Moléculas de DNA estão presentes
em qualquer ambiente natural que você olhar. Elas são liberadas das células
durante a decomposição natural da matéria orgânica morta. E podem ficar
milhares de anos soltas por aí. Mas não inteiras. O DNA fora das células sofre
diversos danos, tanto químicos quanto físicos, é fragmentado e tem a sua
sequência original modificada (ou seja, sofre mutações). Consequentemente, os
pedaços de DNA no ambiente têm em torno de 100 pares de bases (uma sequência de
100 A, T, C e G; como cada molécula de DNA tem duas fitas – ou seja, duas
cadeias dessas “letras” que se complementam –, cada letra é chamada de par de
bases; é assim que o tamanho de um DNA é medido). Quanto é isso? Para
comparação, o tamanho médio dos genes humanos é de 3.000 pares de bases (mas o
maior, o gene da distrofina, tem 2,5 milhões de pares de base!). Já se sabia
que as bactérias são capazes de pegar DNA grandes do ambiente, mas não se elas
conseguiriam usar DNA fragmentado e modificado que fica disponível naturalmente.
As bactérias estudadas foram
capazes de incorporar ao seu próprio genoma sequências muito pequenas, de até
20 pares de bases. Além disso, os cientistas forçaram danos nesse DNA, usando regentes
químicos. Mas ainda assim as bactérias foram capazes de usar esse DNA, mesmo
meio baleado. Depois, estudando no computador os genomas de bactérias já
sequenciados, os pesquisadores encontraram indícios de que a presença de
pequenas modificações no genoma é mais frequente nas bactérias que conseguem
capturar DNA do ambiente quando comparadas com as que não têm essa capacidade.
Isso mostra que o que foi visto dentro do laboratório pode ter ocorrido durante
o processo de evolução e ainda pode está acontecendo mundo afora.
Esse estudo aponta para um
cenário bem interessante, tanto na questão evolutiva quanto em relação à saúde.
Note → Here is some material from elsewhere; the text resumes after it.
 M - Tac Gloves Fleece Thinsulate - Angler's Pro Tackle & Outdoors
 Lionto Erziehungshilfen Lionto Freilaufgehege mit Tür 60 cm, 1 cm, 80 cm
Primeiro, esse processo deve ter sido importantíssimo durante os primeiros
passos da vida no planeta, ajudando a causar rápidas modificações nos genes dos
micróbios primitivos, aumentando a diversidade e acelerando a evolução. Além
disso, os modelos de computador que tentam prever a evolução molecular e a
genética de populações (ou seja, como os genes vão se distribuindo em grupos de
seres vivos com o passar das gerações) não levam em conta esse processo e podem
ser imprecisos. Com mais estudos, esse novo meio de aquisição de DNA poderá ser
incluído nesses programas e os tornar mais eficientes. Em relação à saúde,
dezenas de milhares de toneladas (sim, TONELADAS) de DNA são liberadas apenas
nos rios do mundo. E apenas duas modificações genéticas seguidas podem aumentar
a resistência a antibióticos em uma bactéria que causa doença. Assustador, não?
O impacto da exposição de bactérias à DNA fragmentado em ambientes
hospitalares, por exemplo, precisa ser estudado.
Mas não esqueci o mamute! Só
deixei para o final, mas não por ser mais importante. Para tentar mostrar que
as bactérias são capazes que pegar um DNA naturalmente fragmentado e
modificado, os cientistas pegaram um grande osso de mamute que estava dando
sopa por lá e purificaram o DNA presente. Colocaram esse DNA junto com as
bactérias e conseguiram uma bactéria diferente. Apenas uma! Isso é muito pouco
nesse tipo de experimento, logo, me parece muito pouco convincente! Os outros
experimentos já mostram muito bem que as bactérias aproveitam o DNA detonado do
meio, mas tentar me empurrar uma (apenas uma!) bactéria transformada com DNA de
osso de mamute me cheira a publicidade e não a rigor científico!
Mas isso não diminui a
importância do trabalho publicado, de modo algum. Mostra apenas que tem gente
escrevendo (ou copiando) na Internet sem ler e divulgando patavinas por aí.